• **Dataset content**:
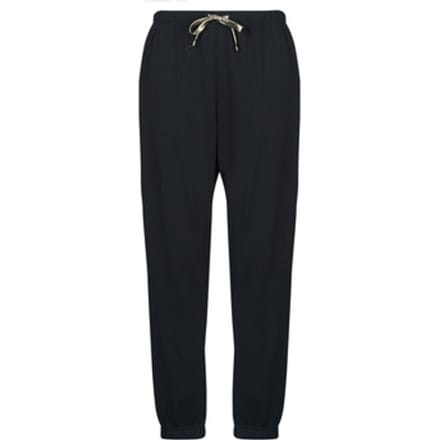 PIECES - PCCHILLI HW HEART SWEAT PANTS NOOS BC - Meisjes - Leggings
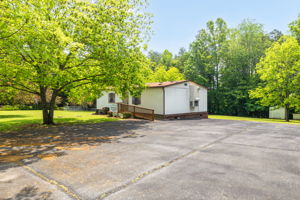 2571 Gibbs Rd-4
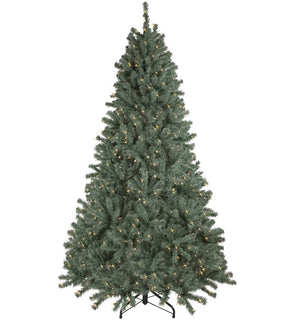 Product Image: 35166983 Holiday/Christmas/Christmas Trees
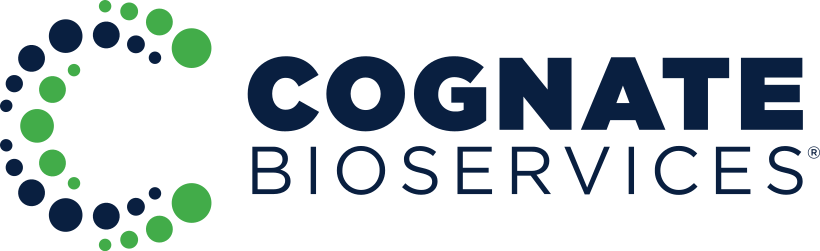 Cognate BioServices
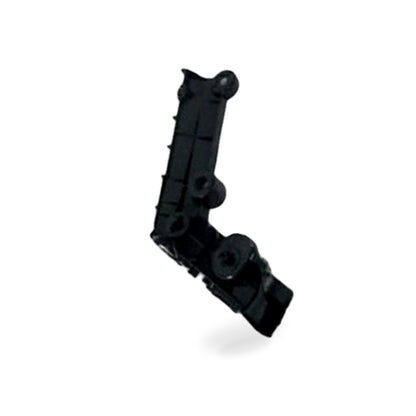 Left Front Bumper Bracket Suitable for Toyota Avalon 19-20 52536-07020 - BD4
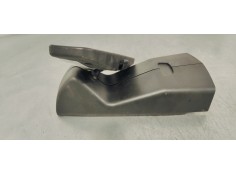 Recambio de espejo para citroen berlingo 1.5 hdi referencia OEM IAM 9817588377  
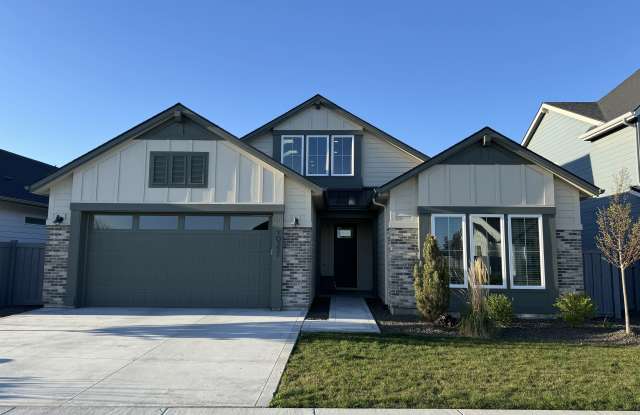 10357 Millgrain Street photos photos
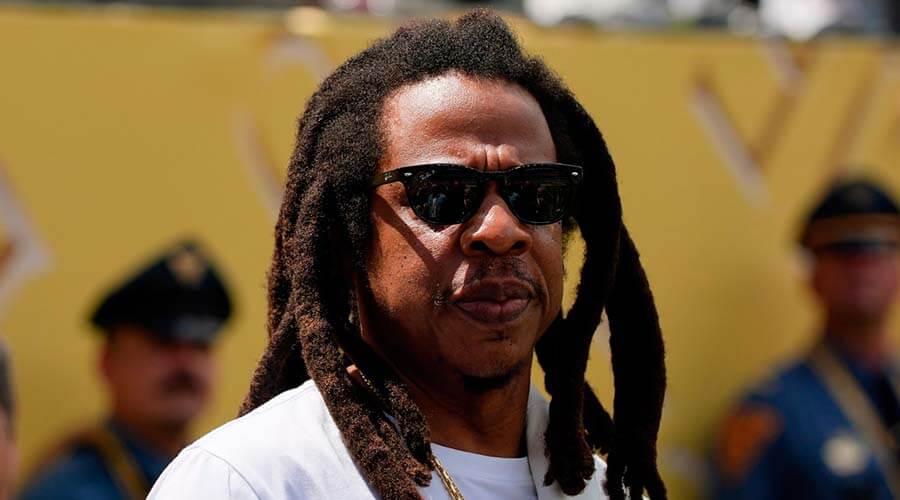 Mujer que acusó a Jay-Z de abuso sexual se retractó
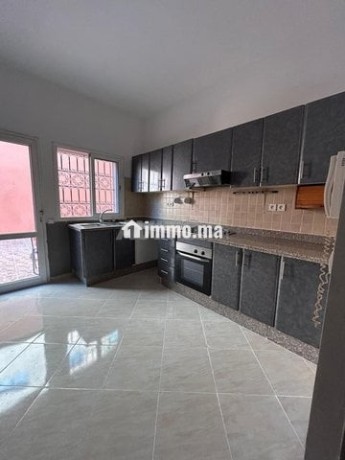 location-appartement-5-pieces-de-194-m2-a-marrakech-big-5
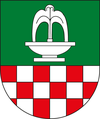 Wappen Schwollen, Verbandsgemeinde Birkenfeld, VG Birkenfeld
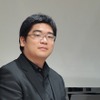 鈴木慎崇氏［ピアノ］
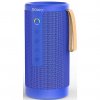 Savio BS-031, Blue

• **Work item**:
"2571 Gibbs Rd-4" marks the first line to be returned; return exactly that line and every line after it through the last line of the listing, omitting pictures.

• **Expected output**:
 2571 Gibbs Rd-4
 Product Image: 35166983 Holiday/Christmas/Christmas Trees
 Cognate BioServices
 Left Front Bumper Bracket Suitable for Toyota Avalon 19-20 52536-07020 - BD4
 Recambio de espejo para citroen berlingo 1.5 hdi referencia OEM IAM 9817588377  
 10357 Millgrain Street photos photos
 Mujer que acusó a Jay-Z de abuso sexual se retractó
 location-appartement-5-pieces-de-194-m2-a-marrakech-big-5
 Wappen Schwollen, Verbandsgemeinde Birkenfeld, VG Birkenfeld
 鈴木慎崇氏［ピアノ］
 Savio BS-031, Blue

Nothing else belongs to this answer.